**Directions for this task:** Under this line are records; the part from the line containing "Black Bull Graphic" through the line containing "ノースフェイス（THE NORTH FACE）（レディース）ダウンジャケット" should be repeated exactly. Please exclude pictures.

**Given data:**
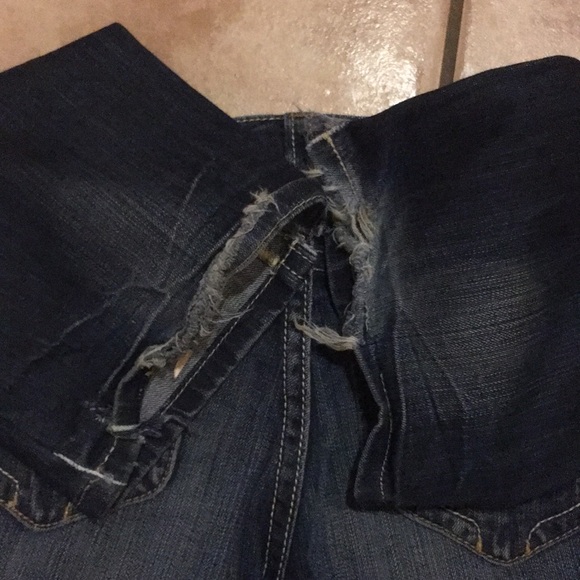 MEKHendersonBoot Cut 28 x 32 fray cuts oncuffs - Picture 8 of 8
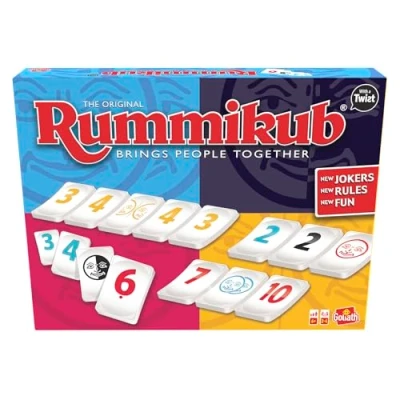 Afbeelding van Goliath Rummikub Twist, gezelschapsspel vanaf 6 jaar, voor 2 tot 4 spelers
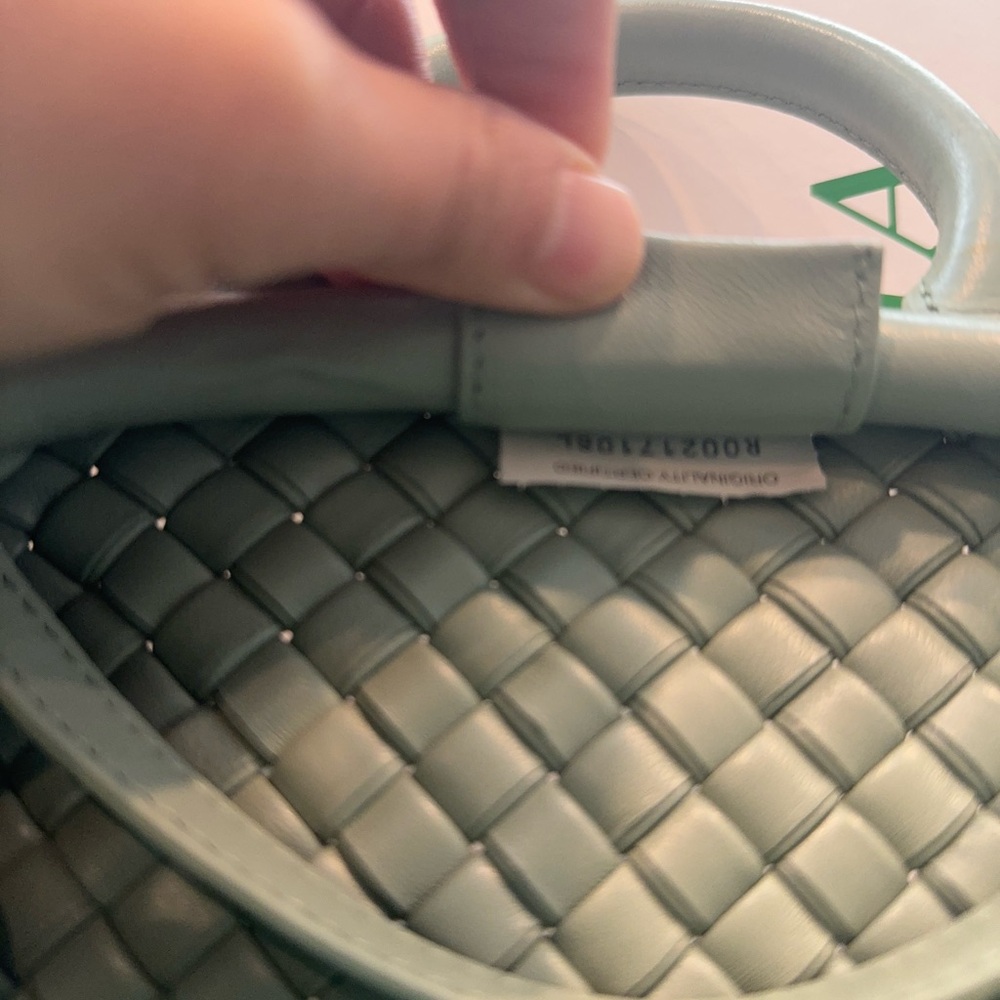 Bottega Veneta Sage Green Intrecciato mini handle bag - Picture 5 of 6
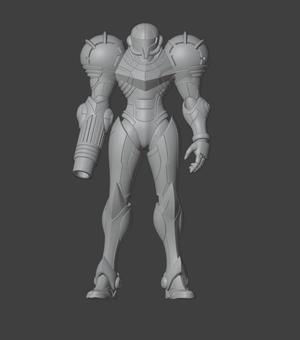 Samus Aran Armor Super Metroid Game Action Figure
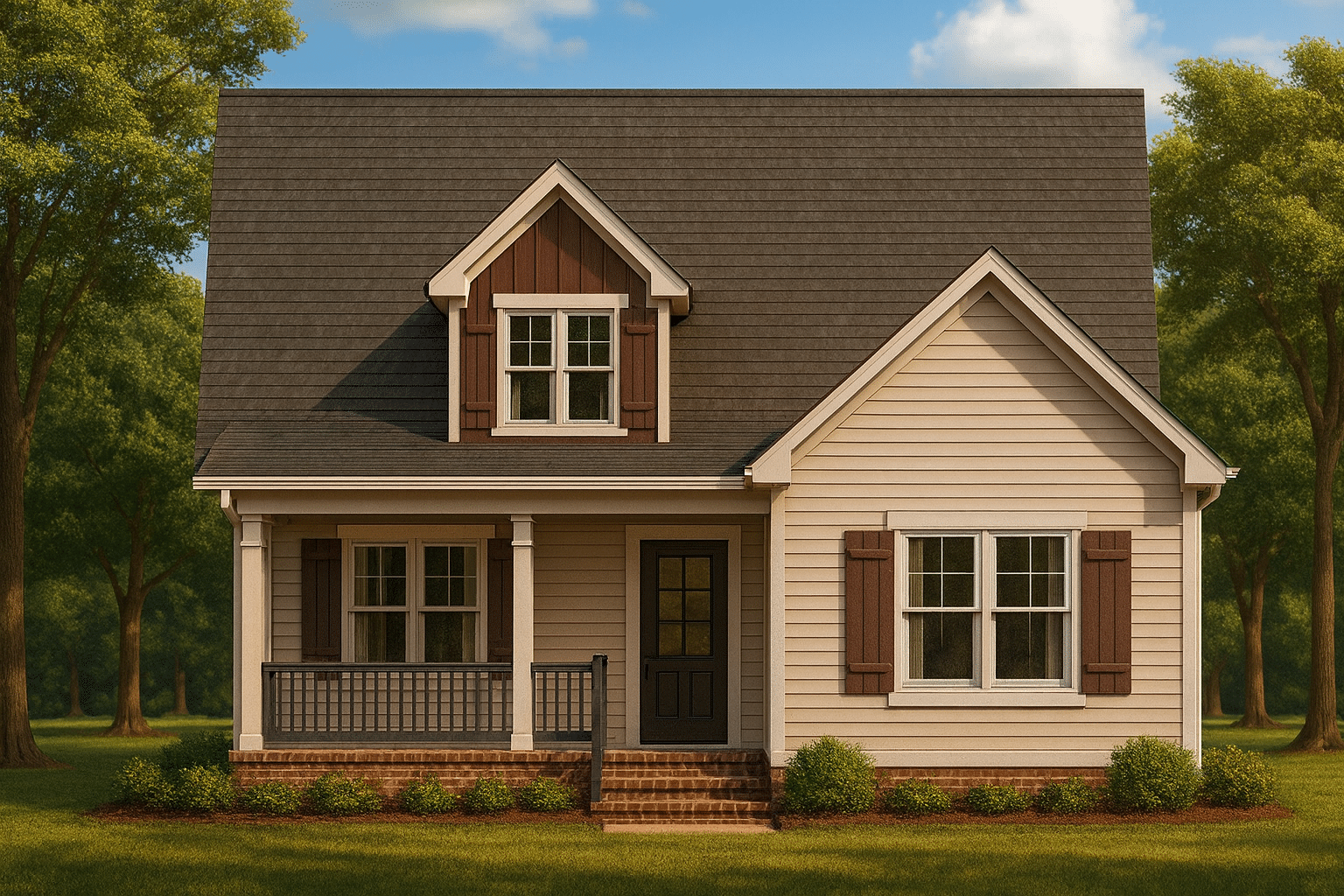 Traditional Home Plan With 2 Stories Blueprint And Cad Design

...

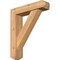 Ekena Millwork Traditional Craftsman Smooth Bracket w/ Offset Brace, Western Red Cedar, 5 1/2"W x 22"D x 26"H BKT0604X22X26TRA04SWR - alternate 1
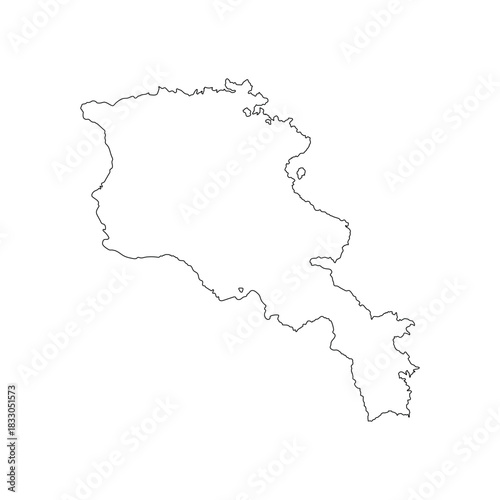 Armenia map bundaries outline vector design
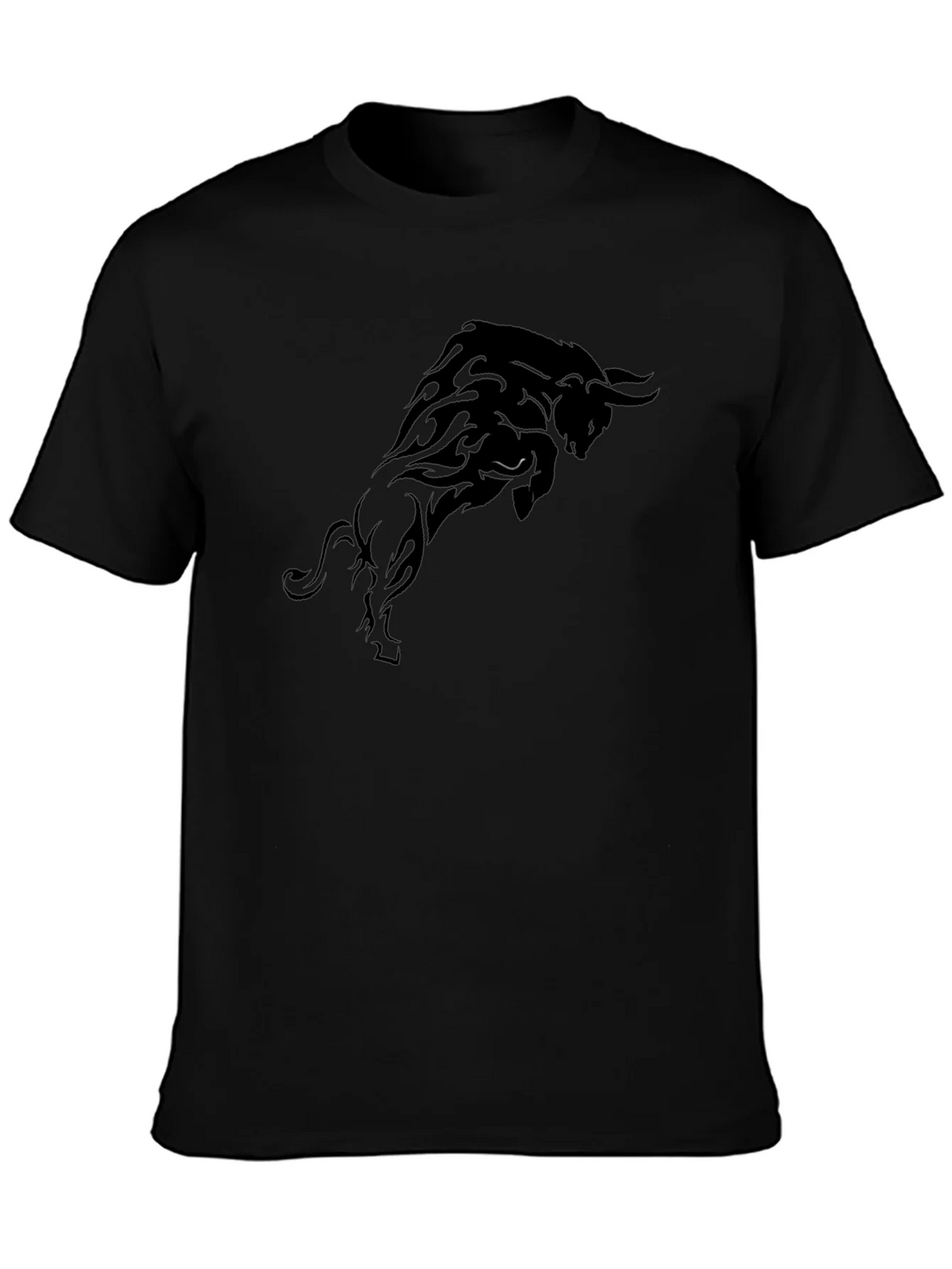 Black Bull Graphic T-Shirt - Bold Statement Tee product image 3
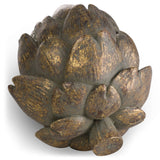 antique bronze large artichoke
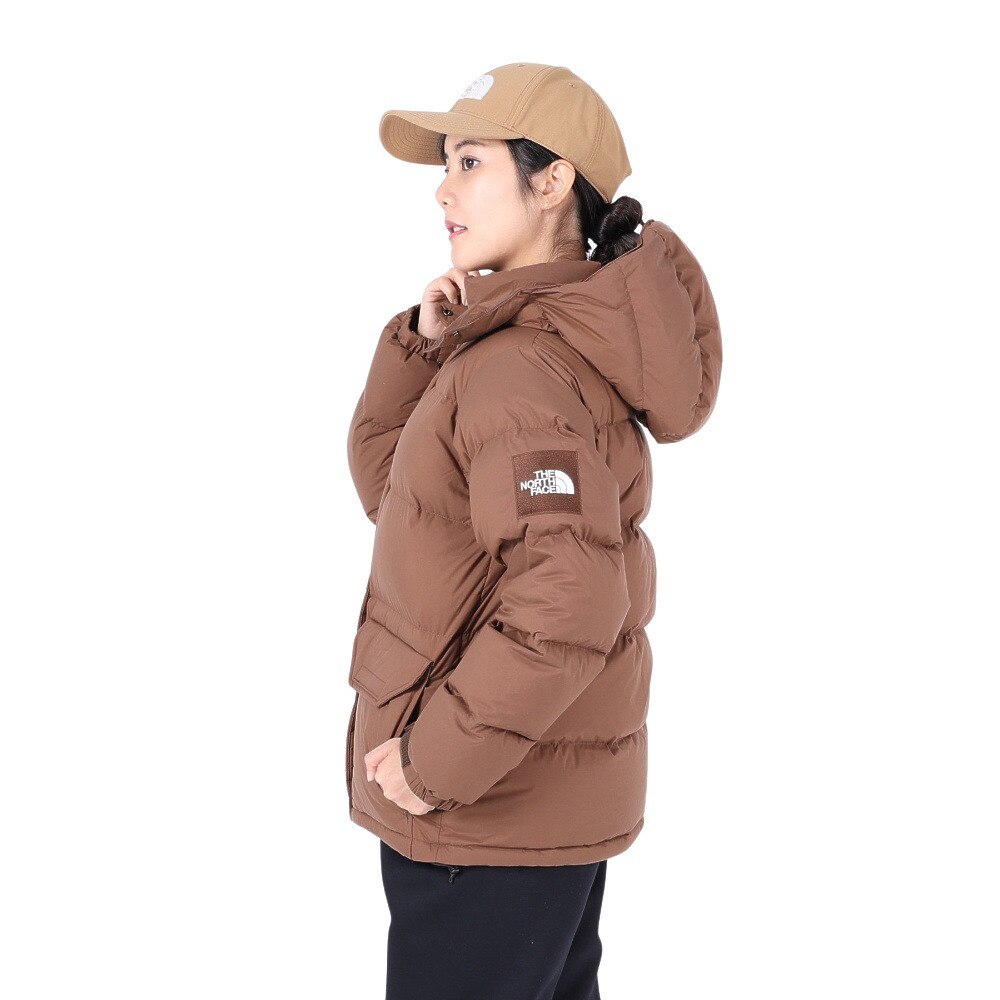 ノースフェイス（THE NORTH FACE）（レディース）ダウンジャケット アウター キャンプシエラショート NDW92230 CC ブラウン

...

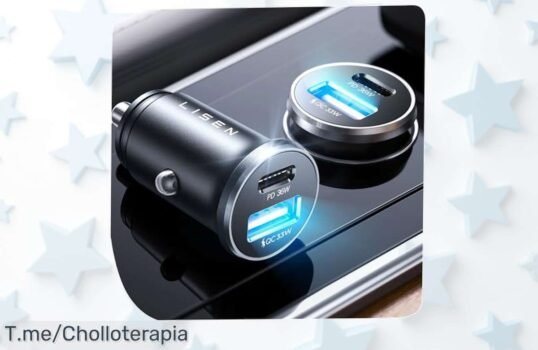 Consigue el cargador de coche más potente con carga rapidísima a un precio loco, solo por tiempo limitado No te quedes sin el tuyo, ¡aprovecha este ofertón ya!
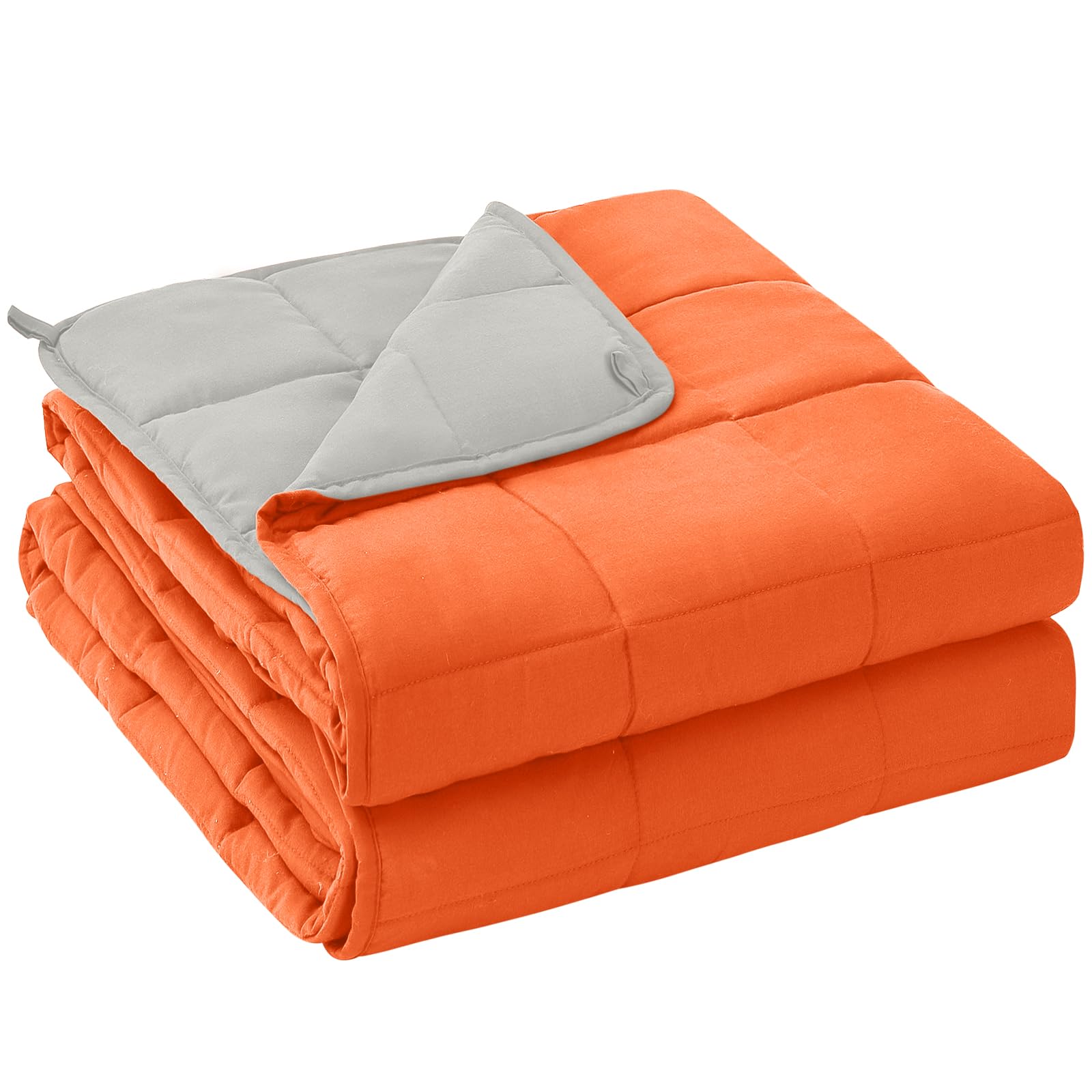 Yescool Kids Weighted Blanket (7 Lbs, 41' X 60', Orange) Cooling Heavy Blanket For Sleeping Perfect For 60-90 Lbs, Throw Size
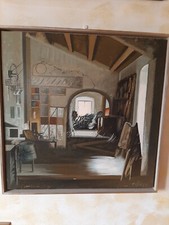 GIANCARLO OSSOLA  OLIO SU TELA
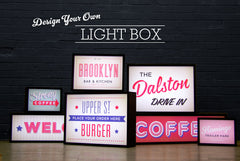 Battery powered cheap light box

**Answer section:**
 Black Bull Graphic T-Shirt - Bold Statement Tee product image 3
 antique bronze large artichoke
 ノースフェイス（THE NORTH FACE）（レディース）ダウンジャケット アウター キャンプシエラショート NDW92230 CC ブラウン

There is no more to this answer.